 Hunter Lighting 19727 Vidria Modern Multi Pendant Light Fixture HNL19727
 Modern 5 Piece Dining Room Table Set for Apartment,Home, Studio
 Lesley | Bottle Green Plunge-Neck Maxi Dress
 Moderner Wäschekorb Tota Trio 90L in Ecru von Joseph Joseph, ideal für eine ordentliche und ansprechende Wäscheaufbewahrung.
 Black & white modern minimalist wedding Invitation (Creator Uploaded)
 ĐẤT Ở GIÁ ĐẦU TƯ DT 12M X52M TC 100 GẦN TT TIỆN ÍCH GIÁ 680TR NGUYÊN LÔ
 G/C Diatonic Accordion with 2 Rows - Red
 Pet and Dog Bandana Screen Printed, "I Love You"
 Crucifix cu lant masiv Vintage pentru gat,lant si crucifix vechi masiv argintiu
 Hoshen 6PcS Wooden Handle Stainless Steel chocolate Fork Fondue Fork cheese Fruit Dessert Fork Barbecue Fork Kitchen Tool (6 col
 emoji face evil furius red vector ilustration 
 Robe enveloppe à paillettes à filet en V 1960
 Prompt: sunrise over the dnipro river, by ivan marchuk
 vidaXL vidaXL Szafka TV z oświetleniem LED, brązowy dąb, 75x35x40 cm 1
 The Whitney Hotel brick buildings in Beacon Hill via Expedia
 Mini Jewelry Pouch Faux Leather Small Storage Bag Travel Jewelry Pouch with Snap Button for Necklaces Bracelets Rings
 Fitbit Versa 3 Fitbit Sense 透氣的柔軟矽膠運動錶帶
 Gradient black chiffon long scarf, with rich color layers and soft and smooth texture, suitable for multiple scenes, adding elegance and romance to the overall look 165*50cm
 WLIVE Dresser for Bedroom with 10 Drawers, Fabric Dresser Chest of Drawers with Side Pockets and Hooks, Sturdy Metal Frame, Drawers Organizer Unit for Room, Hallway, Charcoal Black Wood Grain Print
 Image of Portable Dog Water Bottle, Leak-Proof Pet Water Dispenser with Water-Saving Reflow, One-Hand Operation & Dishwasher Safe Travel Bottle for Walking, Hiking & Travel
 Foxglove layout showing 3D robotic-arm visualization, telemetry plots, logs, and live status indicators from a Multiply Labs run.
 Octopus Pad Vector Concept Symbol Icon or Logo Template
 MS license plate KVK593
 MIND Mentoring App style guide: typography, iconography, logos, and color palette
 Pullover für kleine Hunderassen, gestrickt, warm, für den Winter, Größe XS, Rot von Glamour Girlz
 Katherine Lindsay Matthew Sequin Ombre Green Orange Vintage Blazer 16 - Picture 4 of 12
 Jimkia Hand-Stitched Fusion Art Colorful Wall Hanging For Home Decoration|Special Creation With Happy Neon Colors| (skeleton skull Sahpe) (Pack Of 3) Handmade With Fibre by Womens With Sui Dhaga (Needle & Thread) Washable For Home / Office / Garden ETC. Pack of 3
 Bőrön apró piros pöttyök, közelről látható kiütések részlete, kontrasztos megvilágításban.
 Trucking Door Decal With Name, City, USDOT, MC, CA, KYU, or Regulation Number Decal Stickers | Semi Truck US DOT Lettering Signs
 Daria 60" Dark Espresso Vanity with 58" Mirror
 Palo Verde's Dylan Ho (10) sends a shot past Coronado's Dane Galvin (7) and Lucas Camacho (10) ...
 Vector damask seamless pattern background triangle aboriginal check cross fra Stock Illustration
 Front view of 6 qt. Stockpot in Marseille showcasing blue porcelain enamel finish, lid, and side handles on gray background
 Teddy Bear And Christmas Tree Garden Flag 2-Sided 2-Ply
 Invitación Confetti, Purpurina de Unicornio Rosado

▶ **WHAT TO DO**: Your answer should consist of the lines from the line with "Mini Jewelry Pouch" to the line with "Katherine Lindsay Matthew" above, repeated exactly, both ends included.

▶ **RESPONSE TO THIS EXERCISE**:
 Mini Jewelry Pouch Faux Leather Small Storage Bag Travel Jewelry Pouch with Snap Button for Necklaces Bracelets Rings
 Fitbit Versa 3 Fitbit Sense 透氣的柔軟矽膠運動錶帶
 Gradient black chiffon long scarf, with rich color layers and soft and smooth texture, suitable for multiple scenes, adding elegance and romance to the overall look 165*50cm
 WLIVE Dresser for Bedroom with 10 Drawers, Fabric Dresser Chest of Drawers with Side Pockets and Hooks, Sturdy Metal Frame, Drawers Organizer Unit for Room, Hallway, Charcoal Black Wood Grain Print
 Image of Portable Dog Water Bottle, Leak-Proof Pet Water Dispenser with Water-Saving Reflow, One-Hand Operation & Dishwasher Safe Travel Bottle for Walking, Hiking & Travel
 Foxglove layout showing 3D robotic-arm visualization, telemetry plots, logs, and live status indicators from a Multiply Labs run.
 Octopus Pad Vector Concept Symbol Icon or Logo Template
 MS license plate KVK593
 MIND Mentoring App style guide: typography, iconography, logos, and color palette
 Pullover für kleine Hunderassen, gestrickt, warm, für den Winter, Größe XS, Rot von Glamour Girlz
 Katherine Lindsay Matthew Sequin Ombre Green Orange Vintage Blazer 16 - Picture 4 of 12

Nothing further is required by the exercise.